The present ruling changed the January 2017 judgment which sentenced only eight people to life in prison and 19 others were acquitted.  Among those sentenced is former Uruguayan military officer Jorge Nestor Troccol, the only person present during the whole process as he lives in Italy after fleeing from justice in his country in 2007.  He was acquitted in the previous judgment.

Among the sentenced are former Bolivian dictator Luis Garcia Meza, who died in April 2018; his interior minister, Luis Arce Gomez; the former Peruvian president Francisco Morales Bermudez; his prime minister Pedro Richter Prada, who died in July 2017; former Peruvian military officer German Ruiz; and former Uruguayan Foreign Minister Juan Carlos Blanco.

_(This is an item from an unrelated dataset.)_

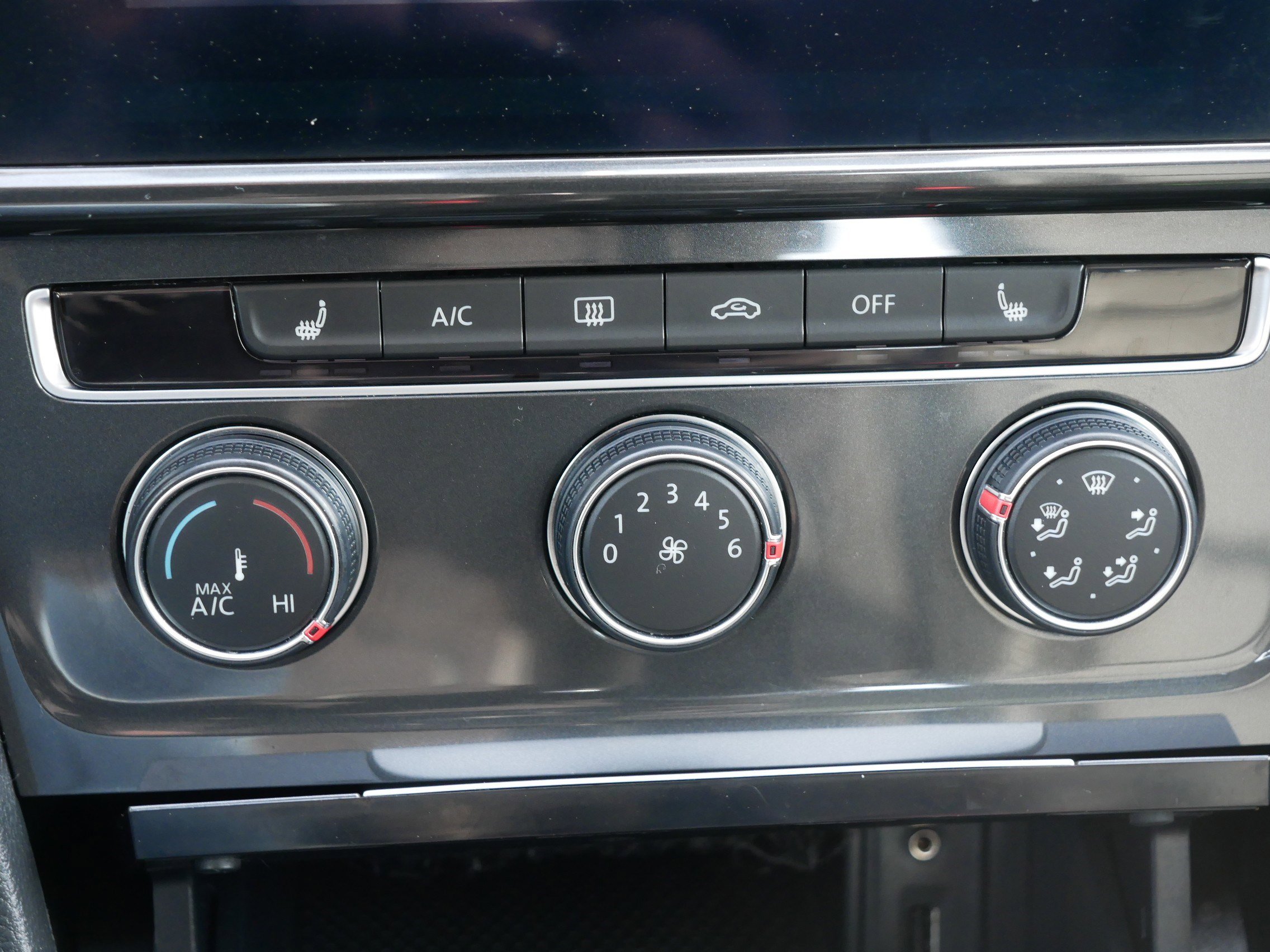 Used 2018 Volkswagen Golf SE image 23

All of them have been convicted of voluntary homicide and ordered to pay the costs of the trial.  The process began 20 years ago in Italy when relatives of the disappeared filed a complaint in 1999, a year after the Chilean dictator Augusto Pinochet was arrested.

Operation Condor was set up in 1975 in Santiago de Chile by the fascist military dictatorships in South America’s southern cone.  Key member countries of Operation Condor were Argentina, Chile, Uruguay, Paraguay, Brazil, and Bolivia, with Peru and Ecuador occasionally participating.  The joint operations aimed to track down left-wing activist across South America -- in many cases imprisoning them, torturing and killing them.

An estimated 60,000 people were murdered by the Latin American states in the clandestine operation, 30,000 in Argentina alone.  Another 30,000 were disappeared and 400,000 imprisoned during Operation Condor.